We put the training (Train.jsonl) and validation data (Valid.jsonl), which contains continuous difficulty level measured by LLM self-ranking, in the ./data.

**2. Conda environment**

```shell
conda create -n ILR python=3.10

pip install -r requirements.txt
```

**3. Replace path**

Replace your own paths/parameters in shell files (examples/scripts). 

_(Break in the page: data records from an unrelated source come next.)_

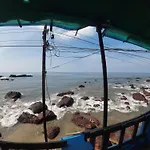 Om Ganesh Guest House Cliffside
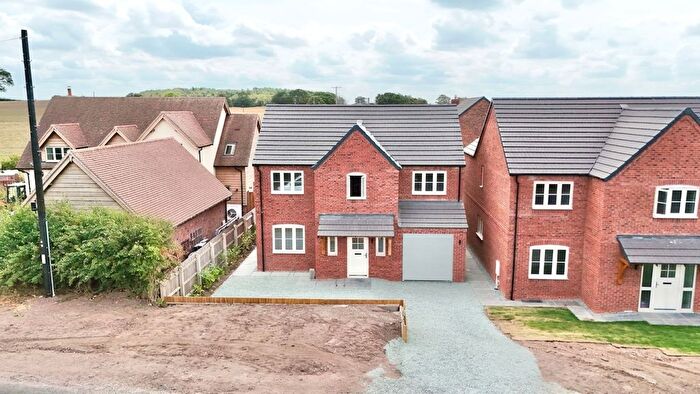 4 Bedroom Detached House For Sale In Stafford Road, Woodseaves, ST20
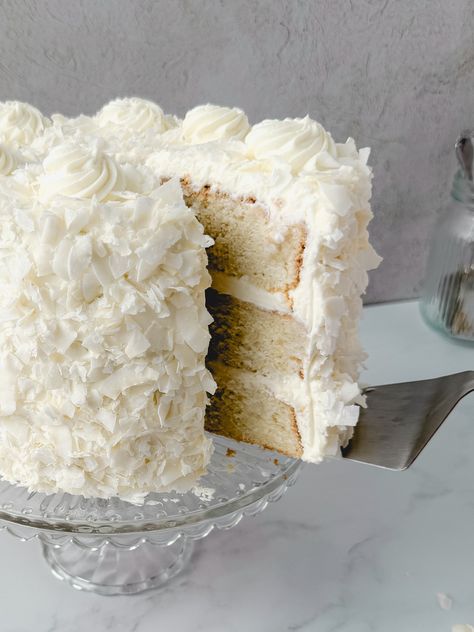 Coconut Layer Cake - Coconut Cake Wedding, Fluffy Coconut Cake, Coconut Cloud Cake, Coconut Cake Decoration Ideas, Coconut Wedding Cake, Vanilla Coconut Cake, Tender Coconut Cake, Best Coconut Cake Recipe Ever, Birthday Cake Coconut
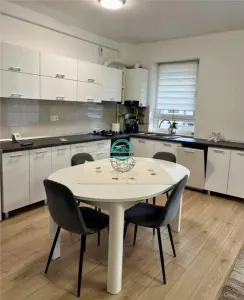 Apartament cu 2 camere de inchiriat, cu loc de parcare, complex Maurer - Targu Mures
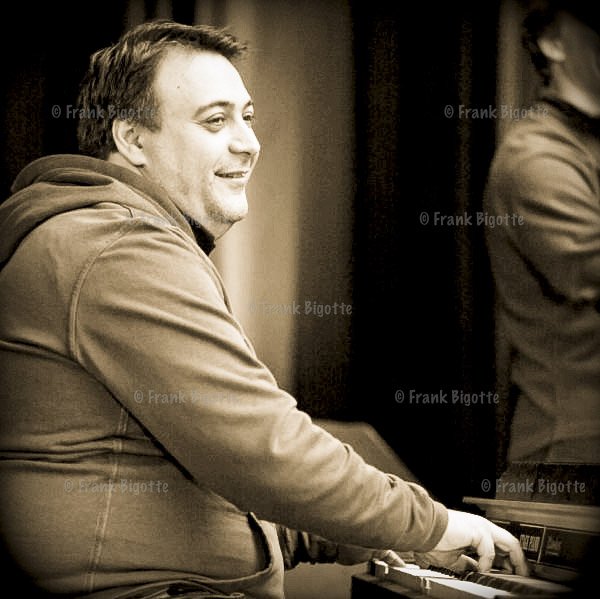 Eric Legnini
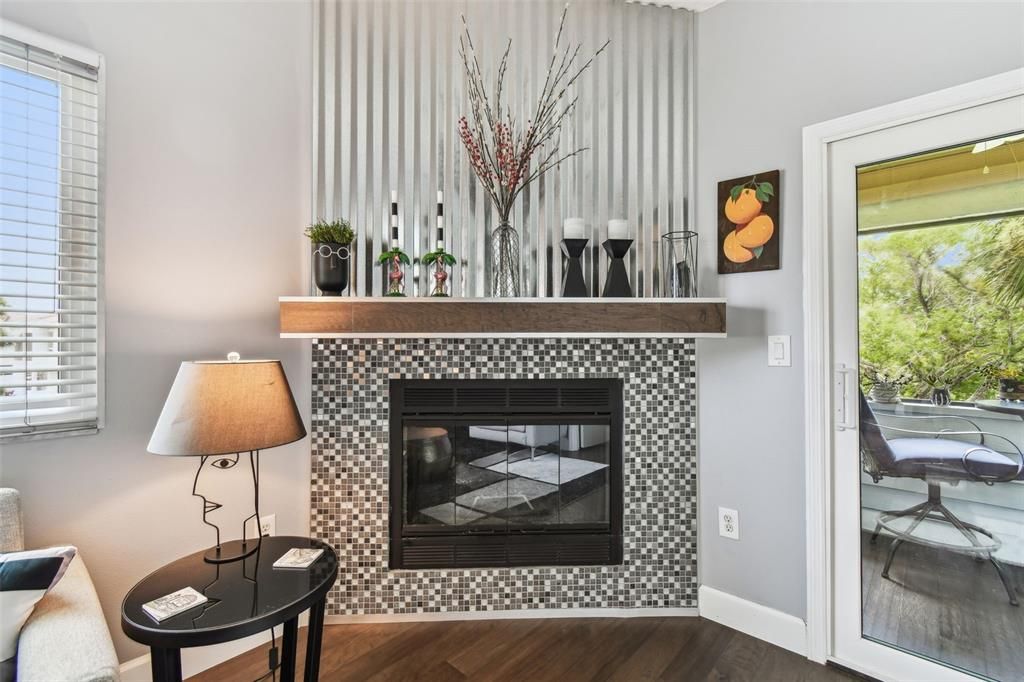 For Sale: $549,900 (2 beds, 2 baths, 1198 Square Feet)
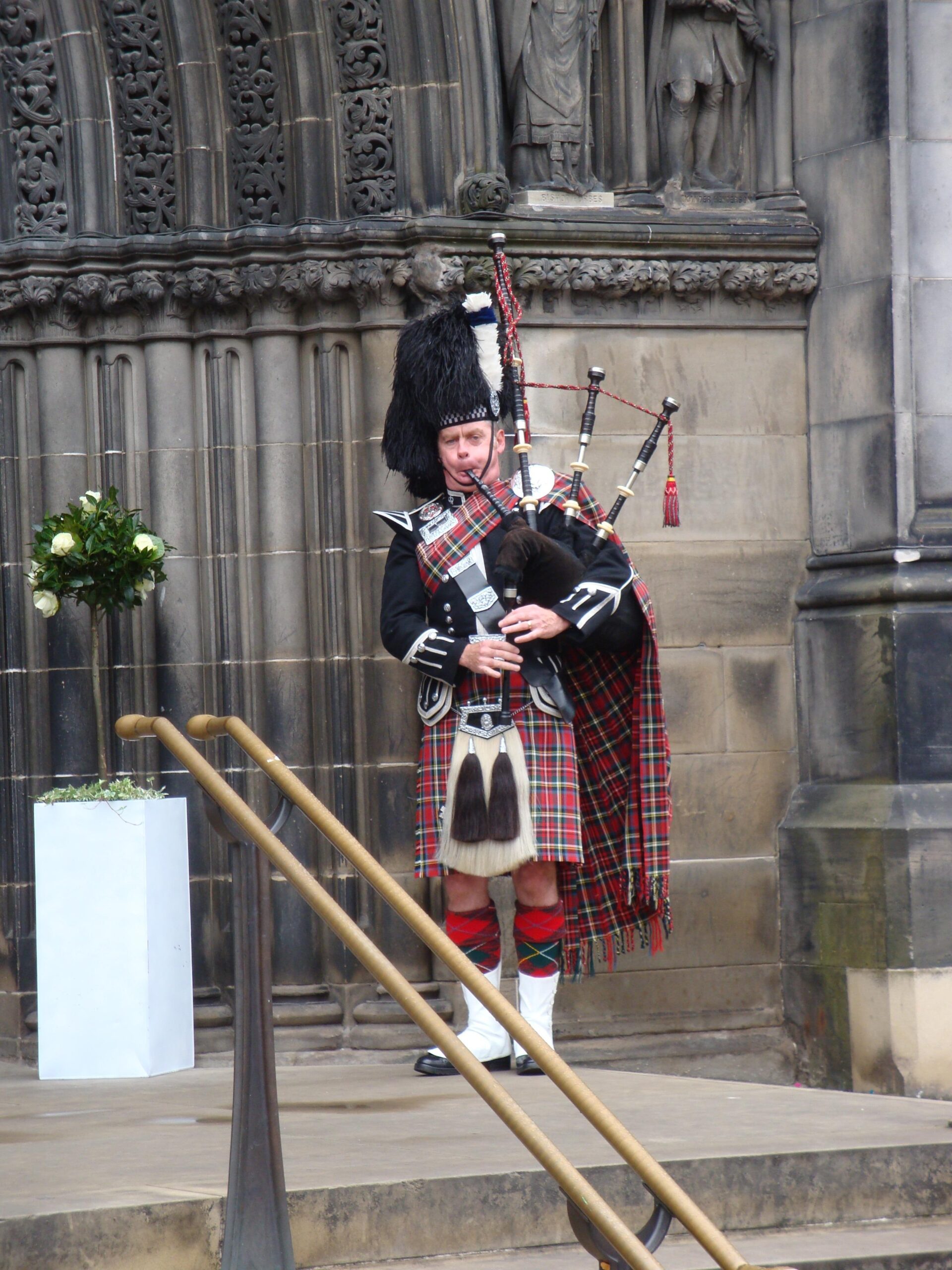 men’s scotland traditional dress and bag pipe free image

Take train_ilr_group1_ray.sh for illustration.

```text
--LLM1LR learning rate of LLM1
--LLM1KL kl coefficient of LLM1
--LLM2LR learning rate of LLM2
--LLM2KL kl coefficient of LLM2
--TEMP temperature
--TAG tag of your checkpoints
--temp-dir the path for temporary output of ray
--num-gpus the number of your gpus. The minimum gpus setting will be 4 A100s.
--working_dir the current work dir
--pretrain_llm1 the path of pretrain llm1
--save_path_llm1 checkpoint path of llm1
--ckpt_path_llm1 checkpoint path of llm1
--use_tensorboard_llm1 tensorboard path of llm1
--pretrain_llm2 the path of pretrain llm2
--save_path_llm2 checkpoint path of llm2
--ckpt_path_llm2 checkpoint path of llm2
--use_tensorboard_llm2 tensorboard path of llm2
--reward_pretrain the path of reward model
--eval_ability_file the path of validation file (Valid.jsonl)
--prompt_data the path of training file (Train.jsonl)
```

**4. ILR Training**

The group combination in our paper is:

    - Group1 (different series, same scale): Llama-3.1-8B-Instruct and Qwen2.5-7B-Instruct
    - Group2 (different series, different scale): Llama-3.1-8B-Instruct and Qwen2.5-14B-Instruct
    - Group3 (same series, different scale): Qwen2.5-7B-Instruct and Qwen2.5-14B-Instruct

We can use the following command to train LLMs:

```shell
bash examples/scripts/train_ilr_group1_ray.sh
```

**4. ILR Evaluation**

For mathematical benchmarks, we use [qwen-math](https://github.com/QwenLM/Qwen2.5-Math) as the evaluation tool.

For code benchmark MBPP, we use [ms-swift](https://github.com/modelscope/ms-swift) as the evaluation tool.

Please refer their instructions and evaluate your checkpoints using the corresponding datasets (GSM8K, MATH-500, Minerva Math, Olympiad Bench, AIME, MBPP) in our paper.